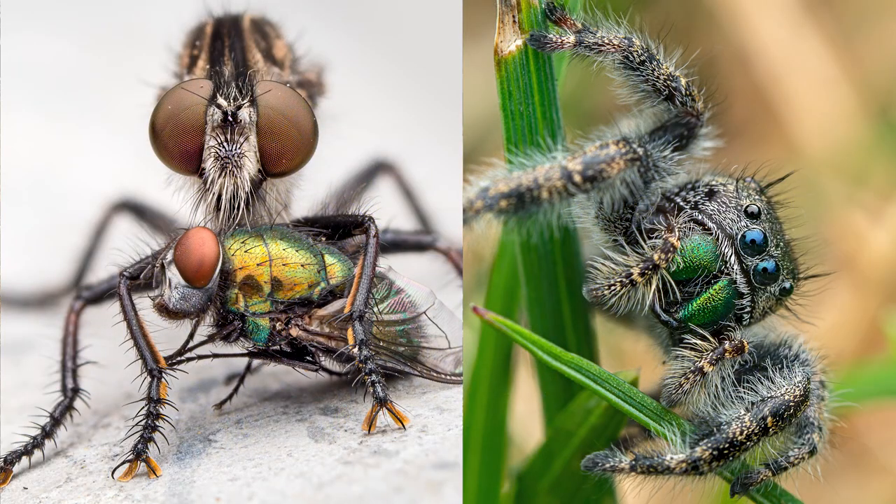Hi, I'm OM System Ambassador Chris McGinnis. I specialize in macro photos of insects and spiders. When I'm making macro photos, it can be a real challenge to get all of the areas of my subject in focus that I want to be in focus, and that's really due to the short working distance and limited depth of field.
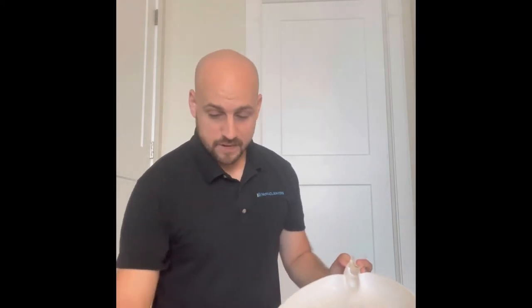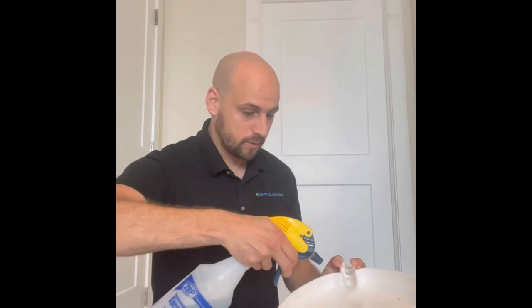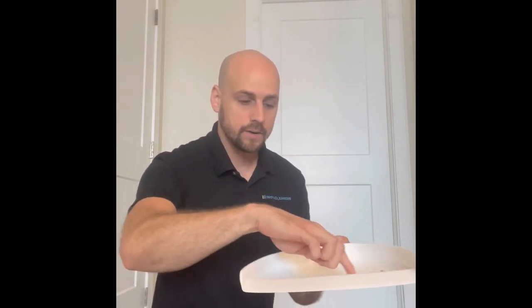A nice little thing to do is take a spray bottle and spray a little water on it. That way when you go to sweep all the dirt in, the dirt actually gets stuck in that little puddle of water right there. So every time you go and sweep, everything gets stuck in here and then it's very simple to just dump it out and you don't have to go over it more than once.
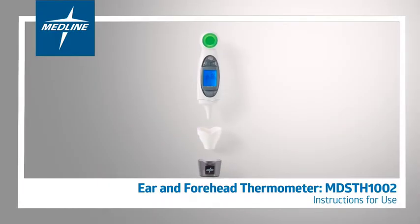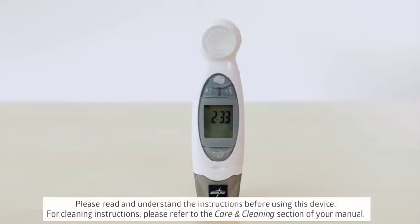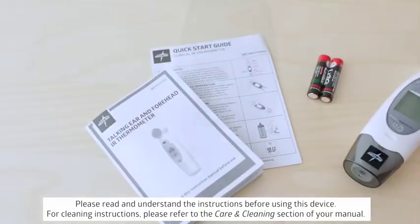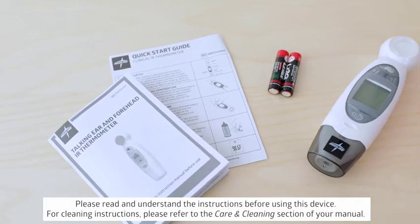Welcome to the Quick Start Video Guide for Medline's Ear and Forehead Thermometer Model MDS-TH1002. This thermometer comes with a quick start guide, a manual, and two AAA batteries.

The task: For the material above, repeat each line exactly and leave out the pictures.

Task response:
Hi, I'm OM System Ambassador Chris McGinnis. I specialize in macro photos of insects and spiders. When I'm making macro photos, it can be a real challenge to get all of the areas of my subject in focus that I want to be in focus, and that's really due to the short working distance and limited depth of field.
A nice little thing to do is take a spray bottle and spray a little water on it. That way when you go to sweep all the dirt in, the dirt actually gets stuck in that little puddle of water right there. So every time you go and sweep, everything gets stuck in here and then it's very simple to just dump it out and you don't have to go over it more than once.
Welcome to the Quick Start Video Guide for Medline's Ear and Forehead Thermometer Model MDS-TH1002. This thermometer comes with a quick start guide, a manual, and two AAA batteries.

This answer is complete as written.